Waarom het ertoe doet: WUR aan tafel
Deelname aan internationale panels zoals deze laat zien hoe WUR zich inzet voor wetenschappelijk onderbouwd beleid en mondiale duurzaamheid. Door direct samen te werken met multilaterale organisaties zoals de FAO, kunnen WUR-experts niet alleen hun kennis en methoden delen – zoals de FAO-leidraad – maar ook actief bijdragen aan het vormgeven van internationale beleidsagenda’s terwijl die tot stand komen.

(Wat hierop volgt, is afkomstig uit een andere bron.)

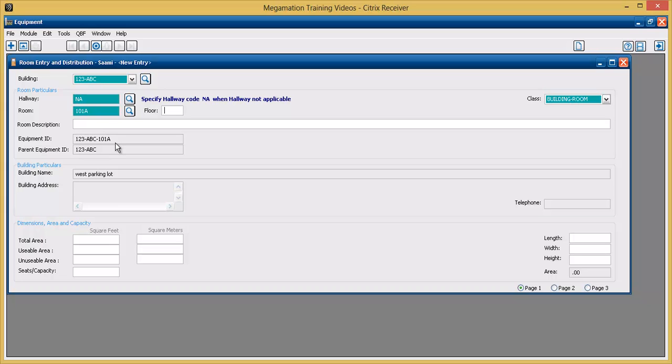The floor of the room can be designated by typing a floor number in the floor section. Class will fill automatically as building room. This can be changed by hitting the drop down button.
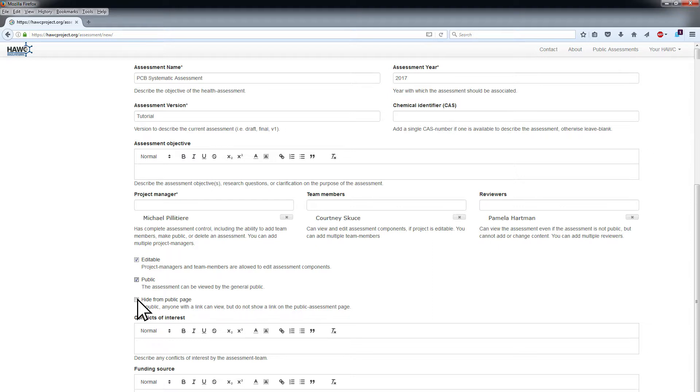An assessment can be made public at any time during the life of the assessment by project managers and team members.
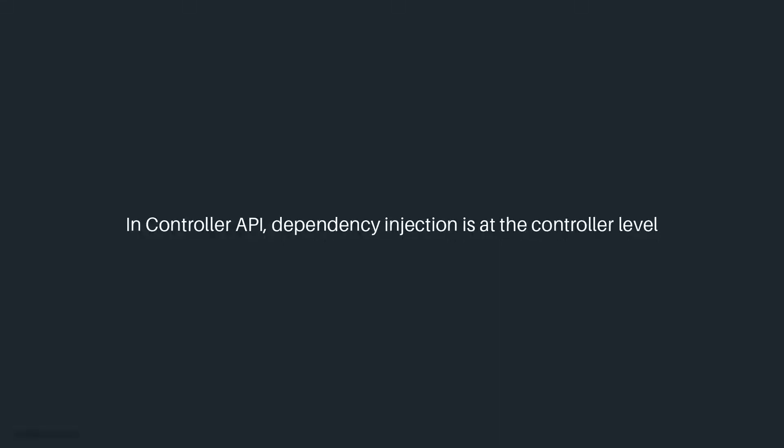In the case of controller APIs, dependency injection is handled at the controller class level. This means that whatever classes or types you're adding to the service collection will be consumed in the corresponding controller class.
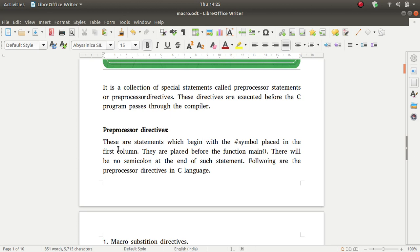Preprocessor directives are statements which begin with the hash symbol placed in the first column. They are placed before the function main. There will be no semicolon at the end of each statement. Following are the preprocessor directives in C language.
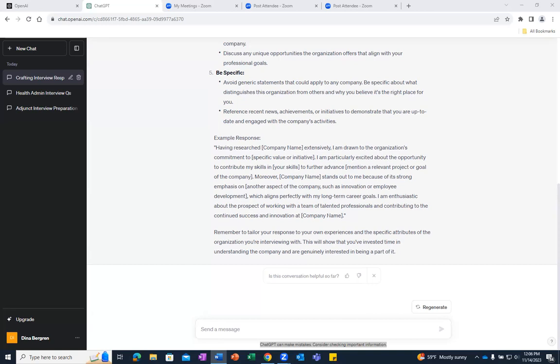We also strongly advise against entering any personal or confidential information into ChatGPT. This concludes our demonstration of OpenAI's ChatGPT Generative AI Tool. Visit OpenAI.com and start using ChatGPT to prepare for interviews today.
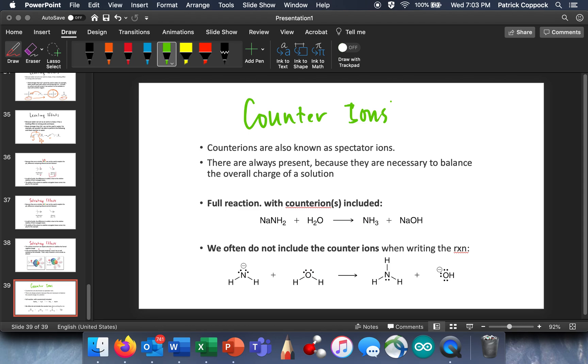So counter-ions, what do we have to say about that? Well, counter-ions are also known as spectator ions, and they're always there. And I've already referred to this in some previous conversations, but I want to convince you that it's a good idea to leave counter-ions out of the notation.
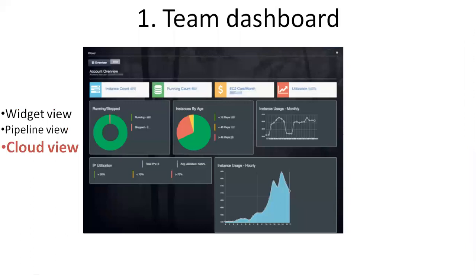If you go to Cloud view, you can configure either AWS or Azure depending on your environment. It will display how many instances are there, what are the running instances, what are the stopped ones, what is the approximate EC2 cost per month, the IP utilization, the instances age, and how many days back these instances were launched. All the metrics you can see in the cloud view.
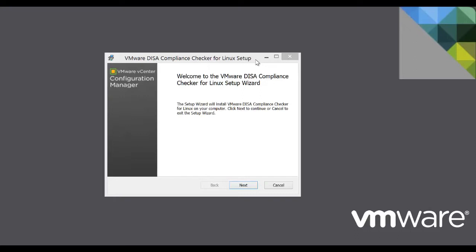Begin by downloading the MSI from VMware's website and double-click the MSI to open the installer. DISA Compliance Checker requires Java, so ensure that Java is installed on the system.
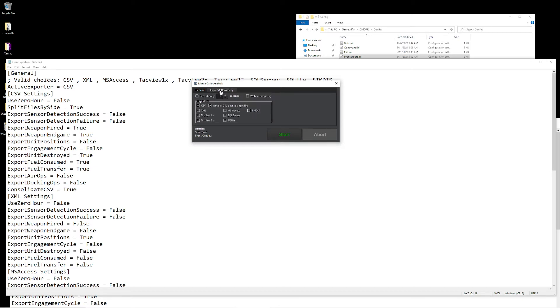Under export and recording, we can go ahead and select the different options we'd actually like to record. In this case, we can define it to record every certain number of seconds. For example, in our scenario, let's say we only want to record every five seconds. We can check that box and then define it that way.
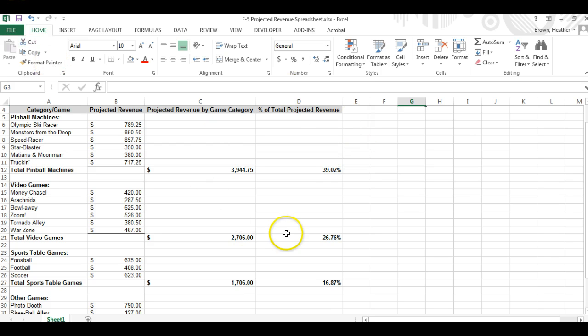All right now we just click save one more time and make sure that you share this document with Mrs. Brown on your classroom.google.com.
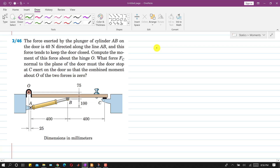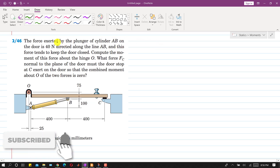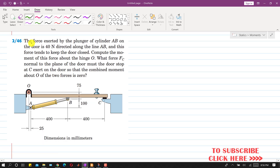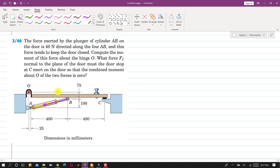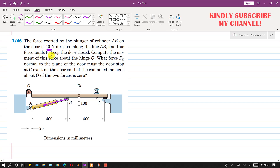Hello students, welcome back to my channel Engineers Academy. Kindly subscribe my channel for the solution of such problems. In this problem, we are given that the force exerted by the plunger of the cylinder AB on the door is 40 newtons directed along the line AB. This plunger applies the force on this door — this is the top view of the door. That force is acting from point B towards A, with a magnitude of 40 newtons, and it tends to keep the door closed.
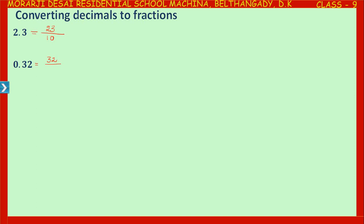In the denominator, look at the place values after the decimal point. Here, 3 is in the tenths place and 2 is in the hundredths place. The rightmost digit after the decimal point is in the hundredths place. So we have to write 100 in the denominator, because the place value of the rightmost digit 2 is hundredths.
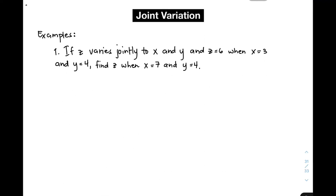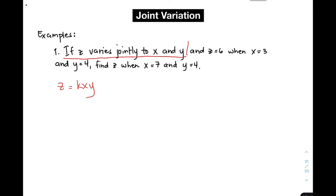Let's start with example number one. If z varies jointly as x and y, and z is equal to 6 when x is equal to 3 and y is equal to 4, find z when x is equal to 7 and y is equal to 4. For this part of the problem, we need to create an equation. Since z varies jointly as x and y, that gives us z is equal to kxy. We will use the first set of values to find the constant of variation, where z is equal to 6, x is equal to 3, and y is equal to 4.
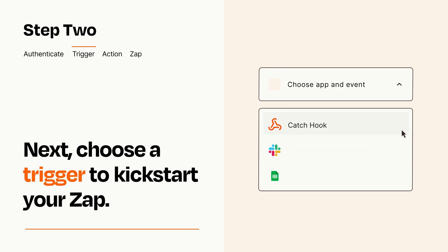Now let's set up your trigger, which is the event that starts your Zap. Pick the trigger event that you want from the list.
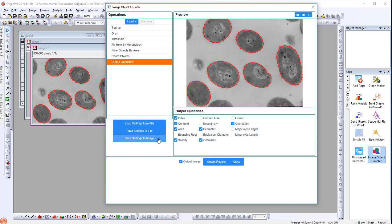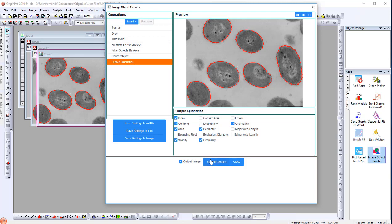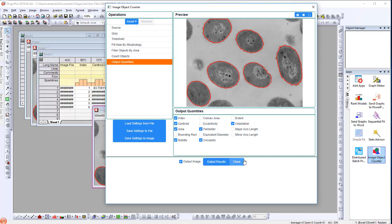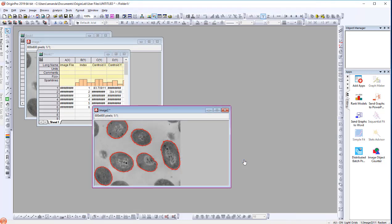Now, make sure the Output Image is checked, and when clicking the Output Results button, it will create a workbook with the measurement results.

“De toekomst van aquacultuur hangt af van onze bereidheid om over sectoren en grenzen heen samen te werken,” aldus prof. Bush. “Door deel te nemen aan dit soort gesprekken zorgen we ervoor dat de kennis van WUR bijdraagt aan praktische verandering richting duurzamere voedselsystemen en eerlijkere uitkomsten voor gemeenschappen.”
De betrokkenheid bij dit soort initiatieven zorgt ervoor dat wetenschappelijke inzichten daadwerkelijk hun weg vinden naar beleid, capaciteitsopbouw en internationale samenwerking. Tegelijkertijd benadrukt het WUR’s rol als toonaangevende speler in mondiale duurzaamheidstransities.